The NZD/USD pair rebounded from a two-year low, rising to around 0.5600 during the early Asian session on Tuesday. A modest decline in the US Dollar, coupled with positive economic data from China, helped buoy the New Zealand Dollar. Traders are now awaiting the release of the US Producer Price Index (PPI) for December, which is scheduled for later in the day.
The US Dollar Index (DXY), which measures the greenback against a basket of other currencies, is currently trading near 109.60, after retreating from a recent high of 110.17, the highest level since November 2022. Meanwhile, the 10-year US Treasury bond yield has climbed to 4.8%, its highest level since late 2023.
The strong US December Nonfarm Payrolls (NFP) report released on Friday led traders to scale back their expectations for interest rate cuts by the US Federal Reserve (Fed) in 2025, which could bolster the USD. Swaps markets now predict just one quarter-point rate cut in 2025, with some analysts suggesting the easing cycle has come to an end.
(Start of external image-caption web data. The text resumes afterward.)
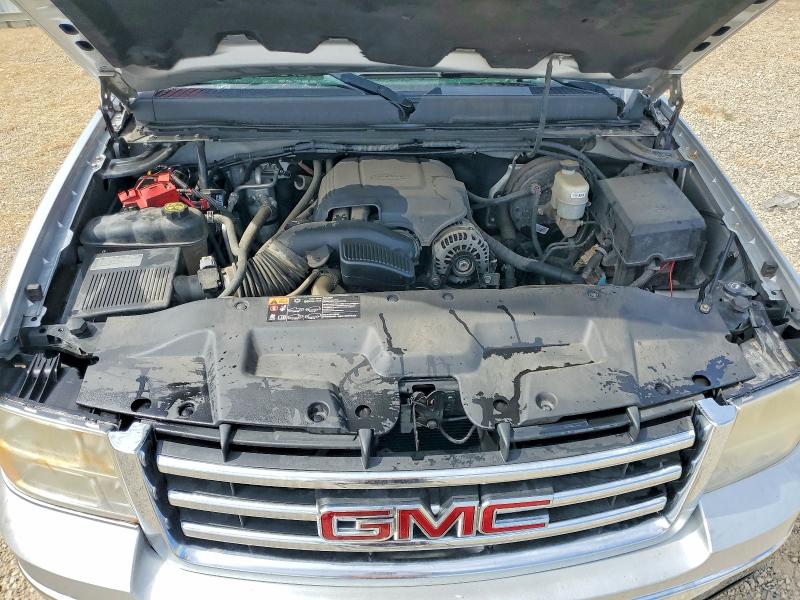 Photo 11 from auction – 2013 GMC SIERRA with VIN 3GTP2WE75DG169241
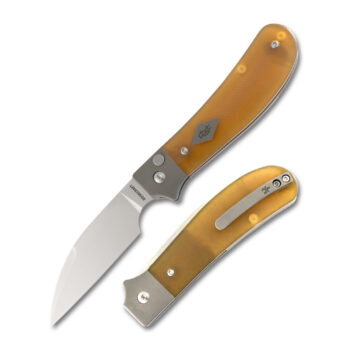 RCMT005-UL RoseCraft Clinch River Button Lock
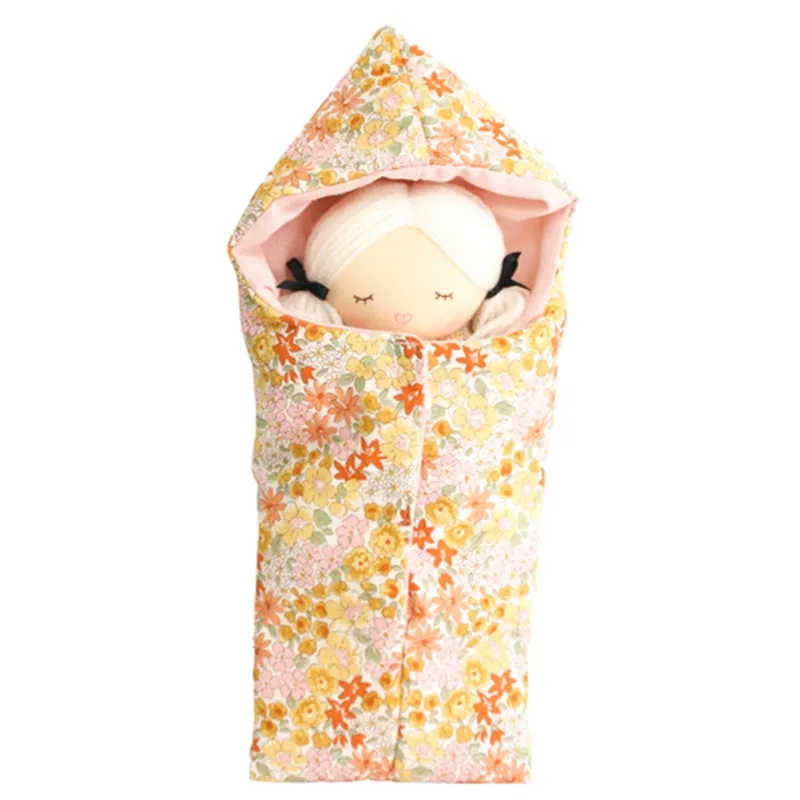 Alimrose - Mini Sleeping Bag - Sweet Marigold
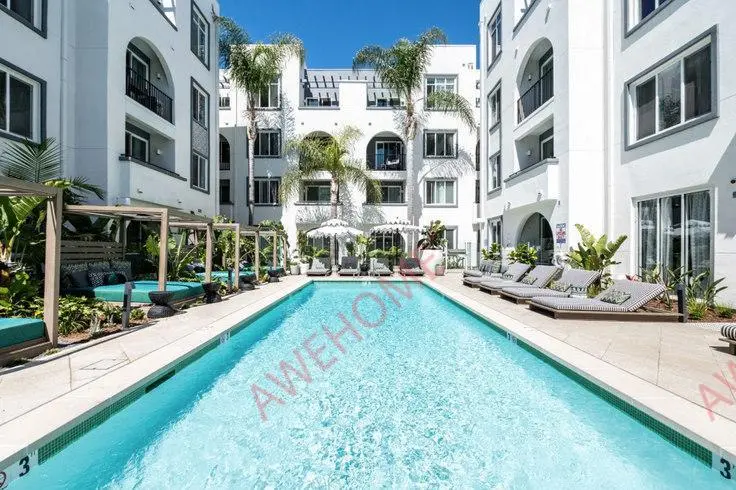 洛杉磯租房Reveal Playa Vista 1056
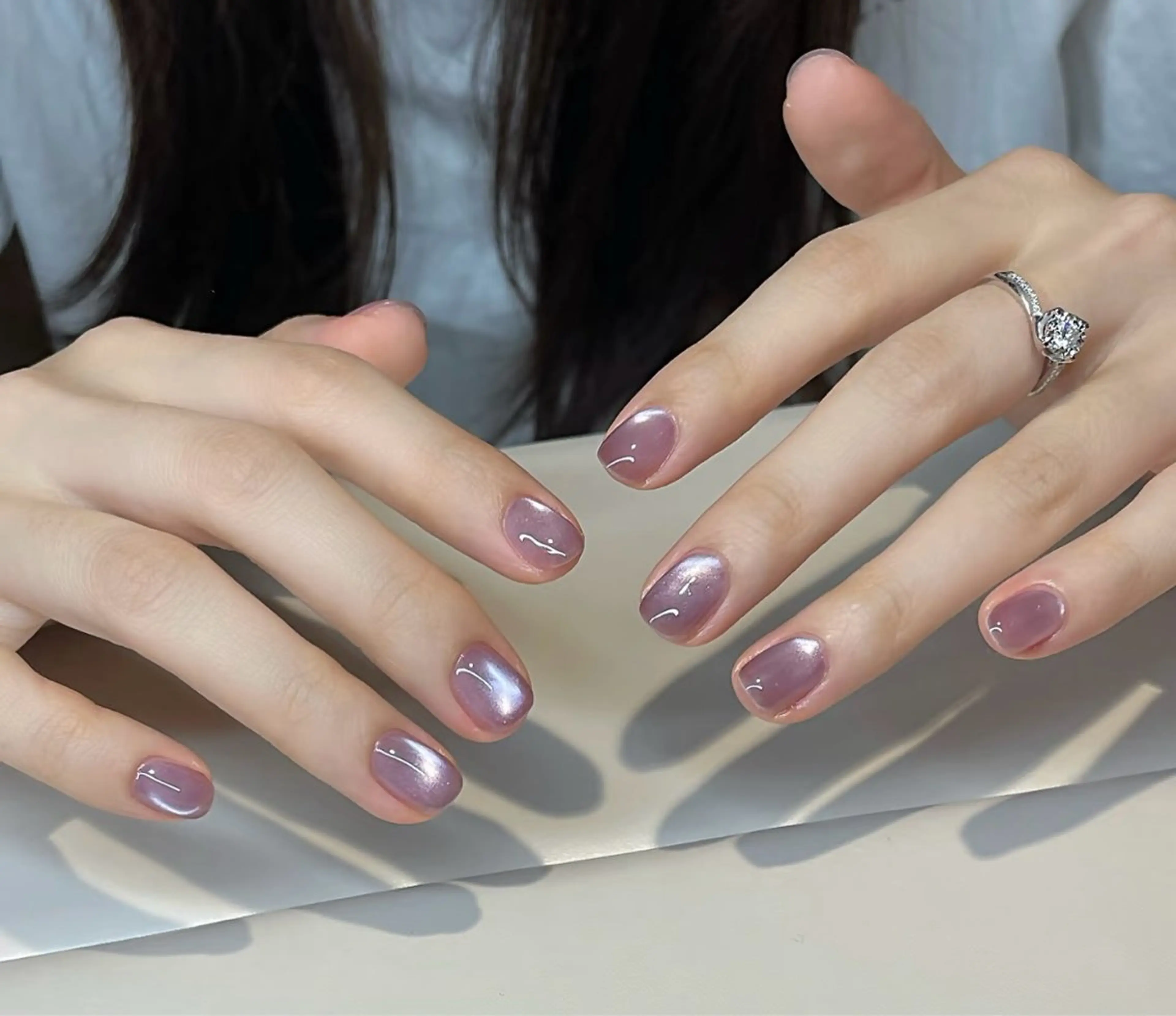 ネイル Erica 🦋のネイルデザイン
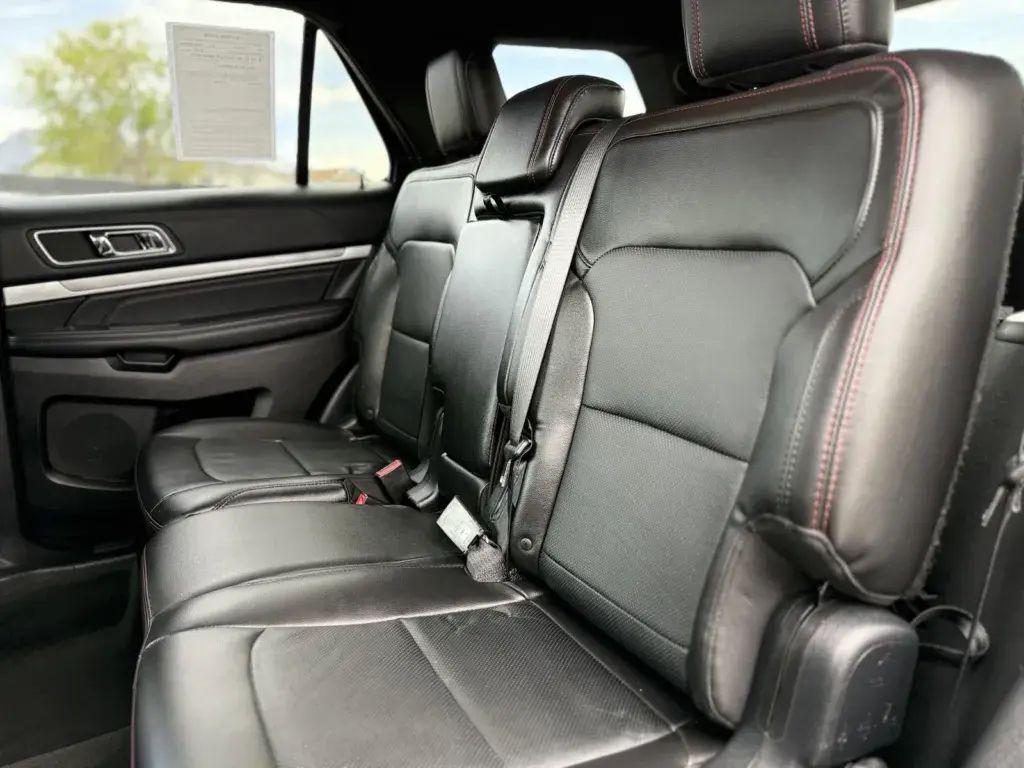 used 2017 Ford Explorer car, priced at $17,995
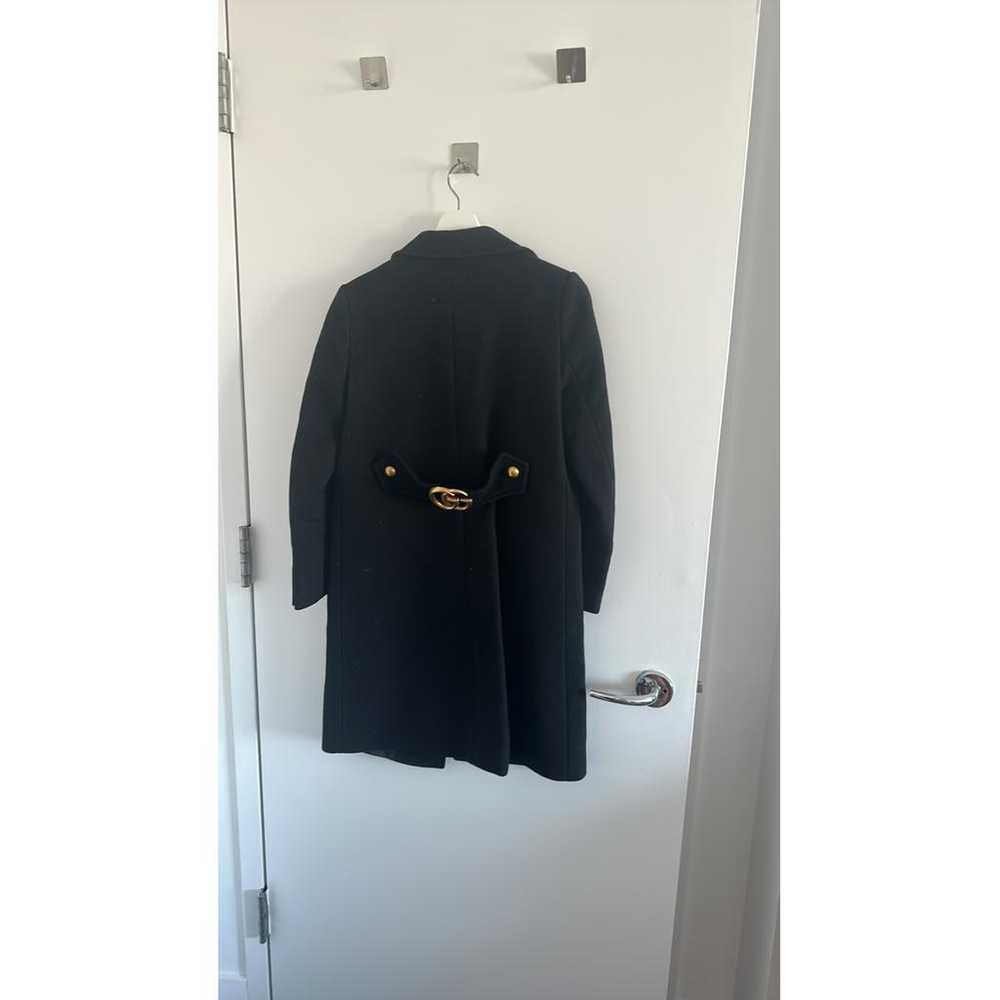 Gucci Wool coat - image 2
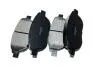 Колодки тормозные передние Geely EC7, EC7RV KIMIKO 1064001724 (фото 6)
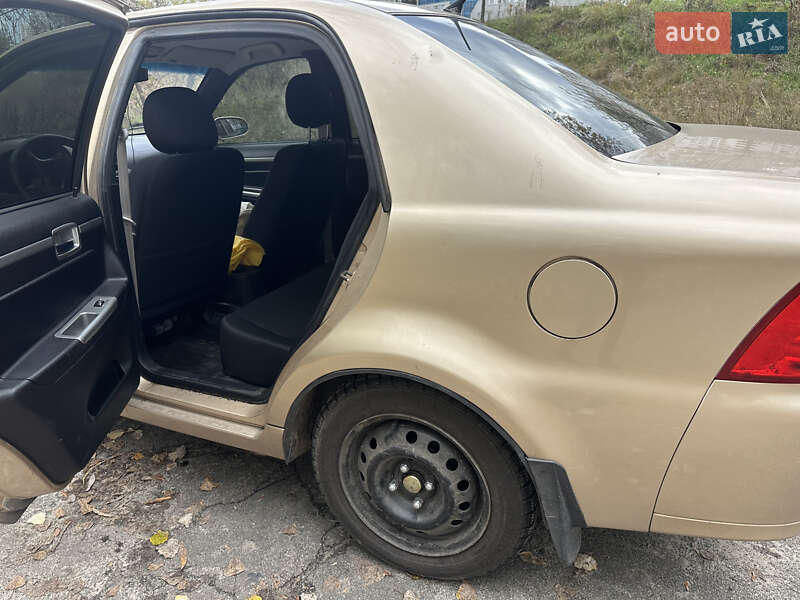 Седан Geely CK-2 2010 в Києві фото 11 Седан Geely CK-2 2010 в Києві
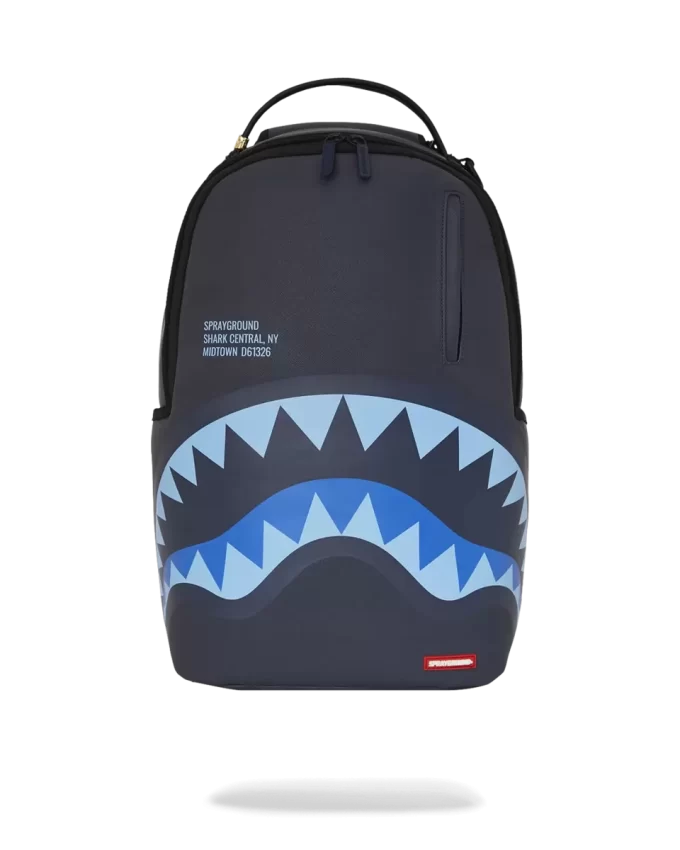 SHARK CENTRAL LATE ARRIVAL DLXSV BACKPACK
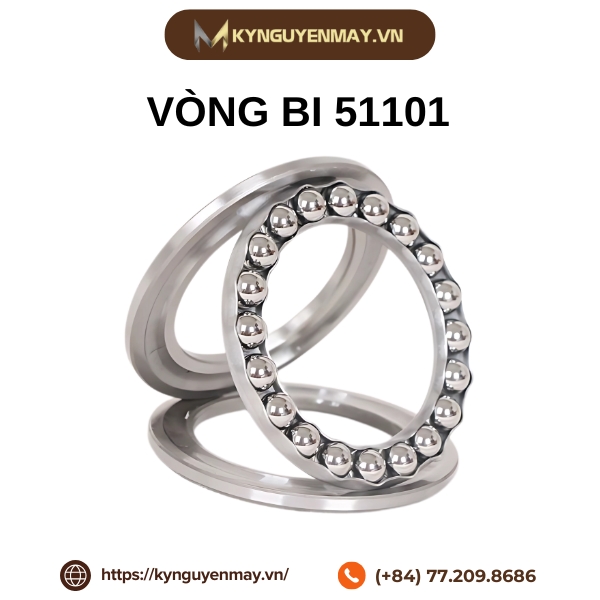 Vòng bi 51101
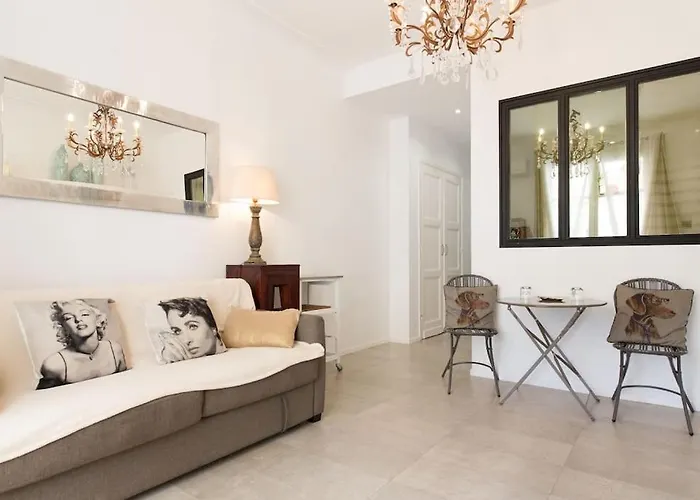 Mythique Miramar Croisette Terrasse Clim Parking Wifi * Cannes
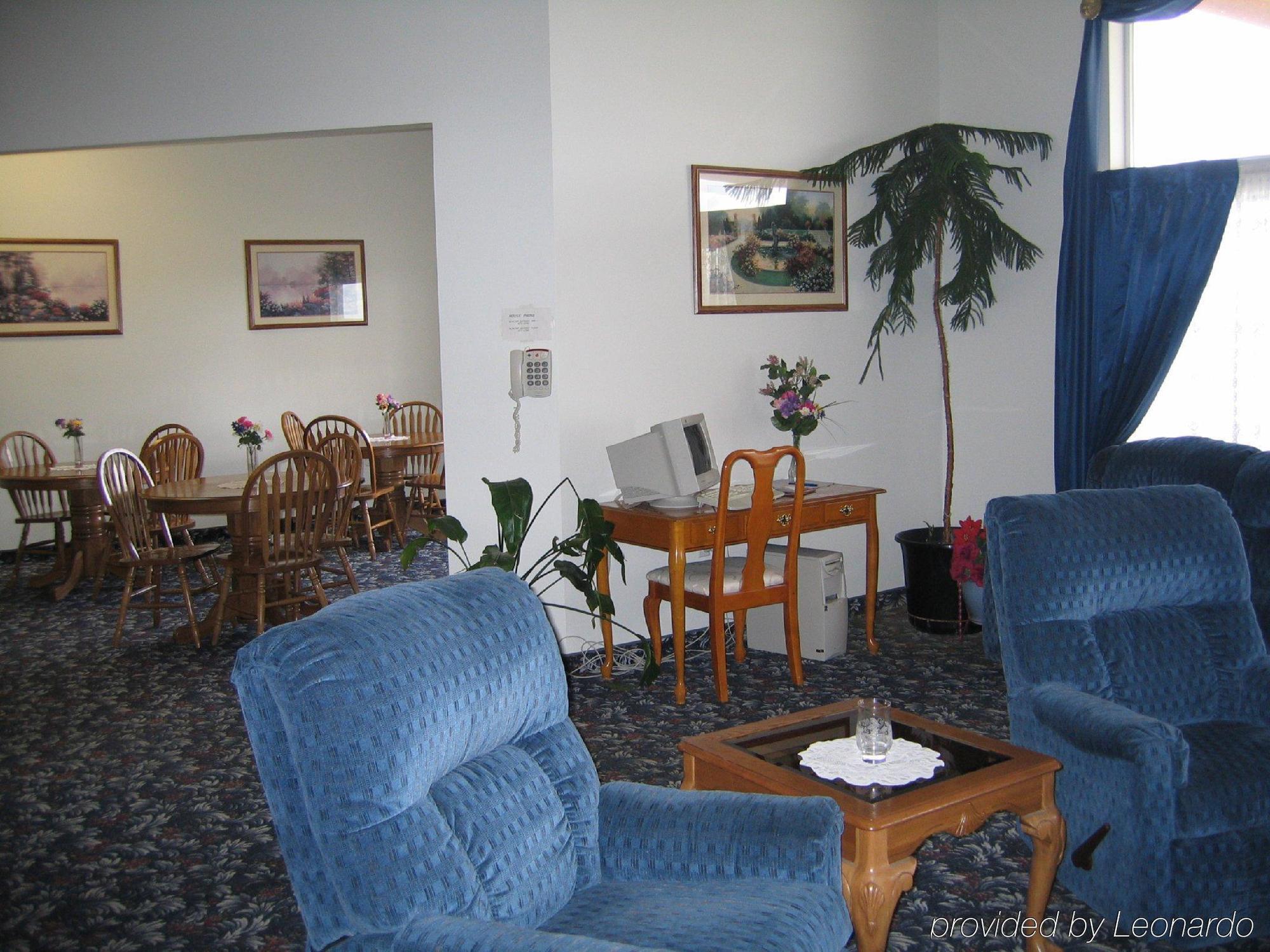 Glacier Gateway Plaza Motel Cut Bank Restaurant photo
Chinese Economic Recovery Provides Support for NZD
On the Kiwi front, data from China provided additional support. China’s exports grew by 10.7% in December compared to a year earlier, surpassing expectations, according to official customs data. Additionally, China’s trade surplus widened to $104.84 billion in December, up from $97.44 billion in November. As China is a major trading partner for New Zealand, the strong economic data is seen as a positive for the New Zealand Dollar.
However, market sentiment remains cautious, as U.S. President-elect Donald Trump is set to return to the White House on January 20. This could reignite fears of a renewed trade war between the US and China, potentially weighing on the China-sensitive Kiwi.